These were my initial thoughts: By now Malick’s themes and tropes are so repetitive and general that you could put reactions from one film into another and have pretty much the same effect. He seems afraid to be specific. Everyone is interchangeable. Malick is building a sizeable archive of Manic Pixie Twirl Girls. The voice overs are by now little more than clichés.

In general, I felt too outside of Bale’s character. Though, seeing that this is a film about someone who feels outside of everything, maybe that’s not a negative.

Form-wise, Malick seems pretty much set now. It's ironic that such an experimental form as his didn't seem at all fresh to me, but I realise that's probably more a problem of my expectations and not of the potentials of the form itself.

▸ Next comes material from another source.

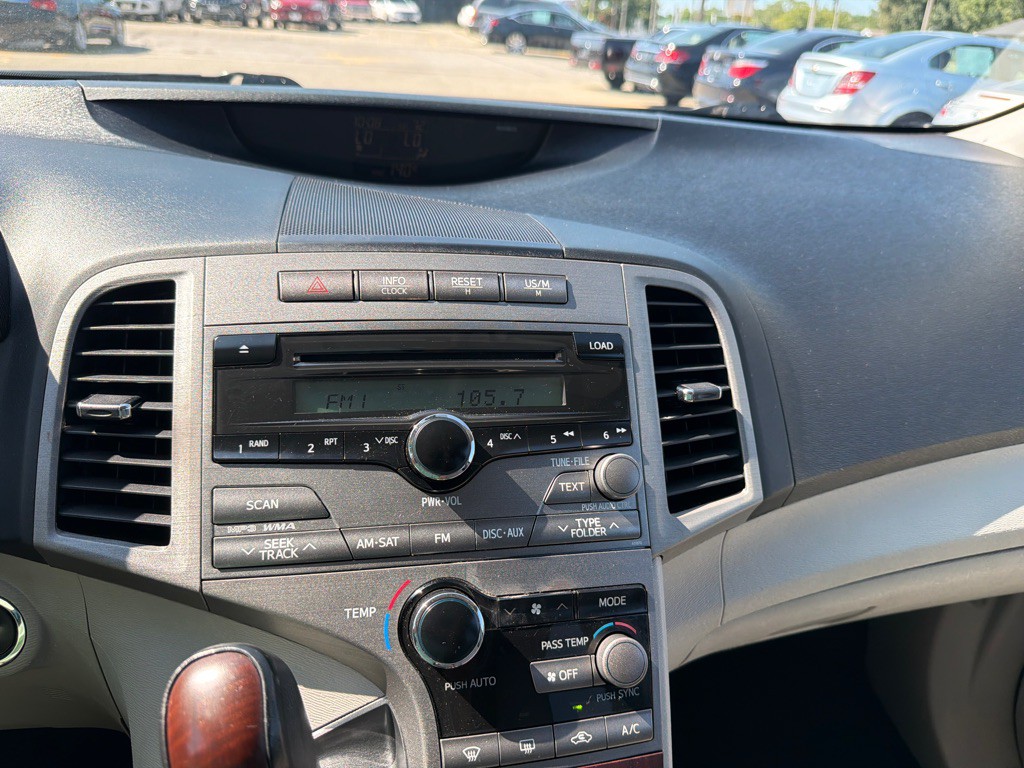 2009 Toyota Venza Image 16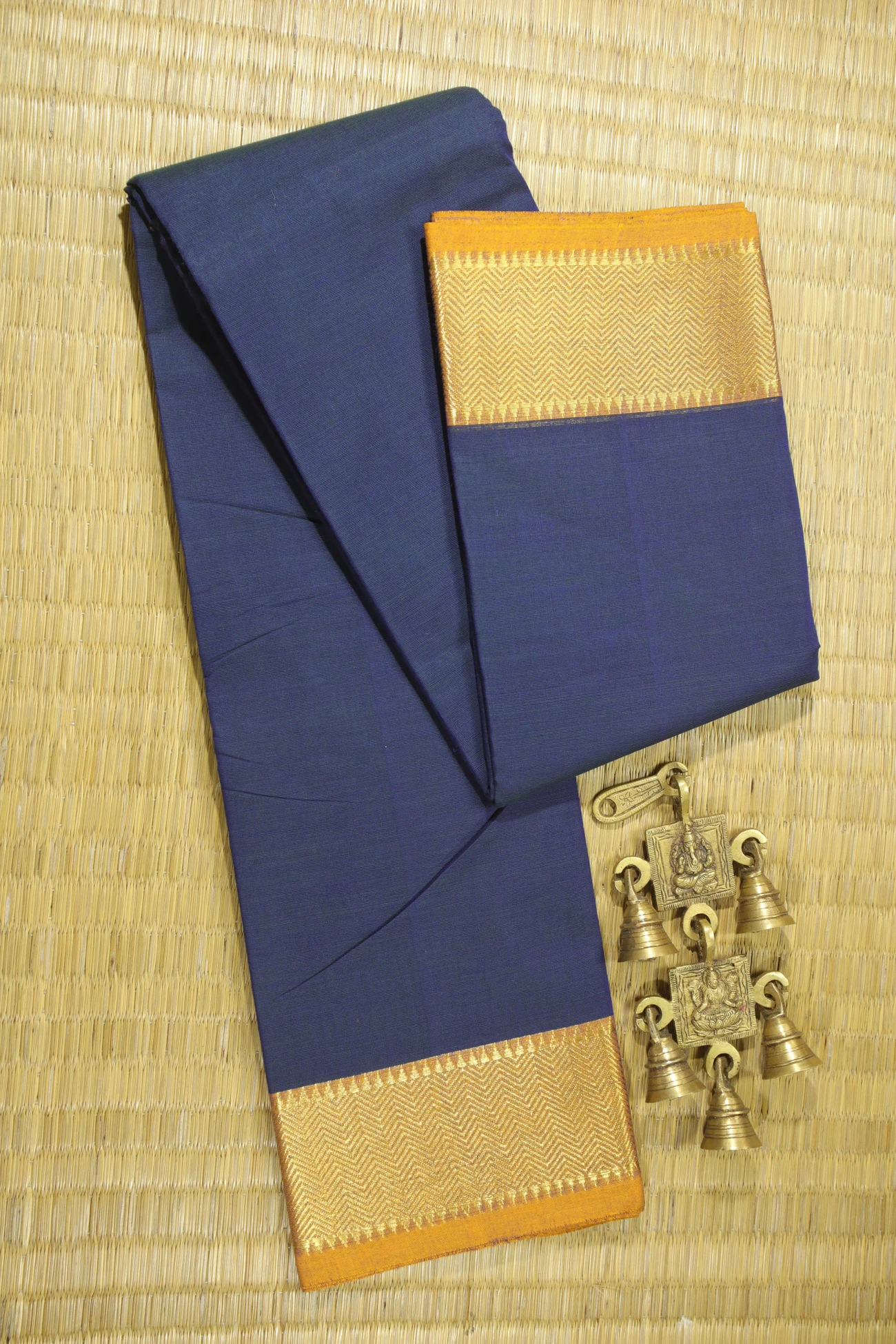 navy-temple-malarkodi-saree-mk007676-a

These are some other thoughts: There are some superficial novelties that brings a bit of freshness into this. The choice of a contemporary urban setting and the use of iPhone-like footage is a welcome and fitting addition to his pallet and on the soundtrack Burial was a great choice and a surprisingly perfect fit for Malick's form. I got shivers when “Ashtray Wasp” grew up around Bale’s decadence.

An excellent recurring visual is how Bale always seems to hover around the backs of the other characters, sliding in and out of the frame.

That’s all I can say for now. The specifics are all mushed up, and the second viewing will probably be my first.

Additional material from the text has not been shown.